* Exercise details: After reading the entries below, copy word for word the lines from the first through the line containing "白色背景的新鲜沙拉烹饪美食叶子盘子维生素餐厅韭葱花园蔬菜柠檬图片", and stop there.

*** Begin section ***

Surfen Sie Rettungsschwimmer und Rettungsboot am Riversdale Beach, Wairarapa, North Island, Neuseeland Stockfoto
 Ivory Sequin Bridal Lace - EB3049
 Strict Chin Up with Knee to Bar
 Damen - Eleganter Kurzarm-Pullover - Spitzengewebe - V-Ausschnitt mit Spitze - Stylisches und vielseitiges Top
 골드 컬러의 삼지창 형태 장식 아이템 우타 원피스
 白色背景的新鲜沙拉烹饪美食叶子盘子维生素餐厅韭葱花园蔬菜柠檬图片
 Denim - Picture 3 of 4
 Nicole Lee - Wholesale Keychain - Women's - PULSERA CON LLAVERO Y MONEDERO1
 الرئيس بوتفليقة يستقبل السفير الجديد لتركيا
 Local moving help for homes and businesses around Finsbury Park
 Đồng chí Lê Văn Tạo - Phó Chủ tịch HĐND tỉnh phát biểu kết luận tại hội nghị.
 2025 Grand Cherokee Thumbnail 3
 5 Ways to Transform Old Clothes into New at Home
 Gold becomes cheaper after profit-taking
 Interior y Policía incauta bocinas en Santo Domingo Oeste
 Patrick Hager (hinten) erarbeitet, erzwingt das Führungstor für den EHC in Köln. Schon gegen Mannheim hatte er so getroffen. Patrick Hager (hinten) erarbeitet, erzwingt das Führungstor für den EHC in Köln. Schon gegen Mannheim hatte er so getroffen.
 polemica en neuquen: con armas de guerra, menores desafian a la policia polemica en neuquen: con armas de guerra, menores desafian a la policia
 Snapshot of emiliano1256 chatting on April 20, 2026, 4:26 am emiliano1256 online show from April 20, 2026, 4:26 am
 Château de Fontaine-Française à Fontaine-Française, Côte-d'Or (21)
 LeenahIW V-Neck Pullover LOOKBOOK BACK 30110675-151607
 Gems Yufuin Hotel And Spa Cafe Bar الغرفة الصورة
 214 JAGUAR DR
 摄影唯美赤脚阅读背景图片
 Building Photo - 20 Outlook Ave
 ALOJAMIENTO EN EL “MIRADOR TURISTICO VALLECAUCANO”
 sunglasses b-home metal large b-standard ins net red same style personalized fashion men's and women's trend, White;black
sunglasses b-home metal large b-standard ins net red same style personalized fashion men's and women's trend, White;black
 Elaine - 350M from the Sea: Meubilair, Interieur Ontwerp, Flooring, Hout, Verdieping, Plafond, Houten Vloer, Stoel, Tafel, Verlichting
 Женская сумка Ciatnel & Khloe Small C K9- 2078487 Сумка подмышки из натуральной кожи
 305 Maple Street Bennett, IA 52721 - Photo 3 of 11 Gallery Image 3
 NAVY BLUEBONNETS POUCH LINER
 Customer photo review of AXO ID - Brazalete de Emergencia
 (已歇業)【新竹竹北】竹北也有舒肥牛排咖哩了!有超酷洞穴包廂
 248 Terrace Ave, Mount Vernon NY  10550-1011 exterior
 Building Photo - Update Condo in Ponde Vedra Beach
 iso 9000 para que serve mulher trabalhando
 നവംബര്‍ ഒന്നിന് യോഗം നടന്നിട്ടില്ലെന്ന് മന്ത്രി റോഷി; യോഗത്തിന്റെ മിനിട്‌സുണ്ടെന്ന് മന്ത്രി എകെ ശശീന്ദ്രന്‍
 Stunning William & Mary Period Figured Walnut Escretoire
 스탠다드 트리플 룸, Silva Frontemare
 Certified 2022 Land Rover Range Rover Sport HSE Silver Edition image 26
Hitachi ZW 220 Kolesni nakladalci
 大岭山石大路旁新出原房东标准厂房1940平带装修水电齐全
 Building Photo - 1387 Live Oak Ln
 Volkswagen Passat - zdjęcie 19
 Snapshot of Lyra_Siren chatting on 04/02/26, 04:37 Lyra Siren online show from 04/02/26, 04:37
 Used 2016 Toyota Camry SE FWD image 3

*** End section ***

* Completed task:
Surfen Sie Rettungsschwimmer und Rettungsboot am Riversdale Beach, Wairarapa, North Island, Neuseeland Stockfoto
 Ivory Sequin Bridal Lace - EB3049
 Strict Chin Up with Knee to Bar
 Damen - Eleganter Kurzarm-Pullover - Spitzengewebe - V-Ausschnitt mit Spitze - Stylisches und vielseitiges Top
 골드 컬러의 삼지창 형태 장식 아이템 우타 원피스
 白色背景的新鲜沙拉烹饪美食叶子盘子维生素餐厅韭葱花园蔬菜柠檬图片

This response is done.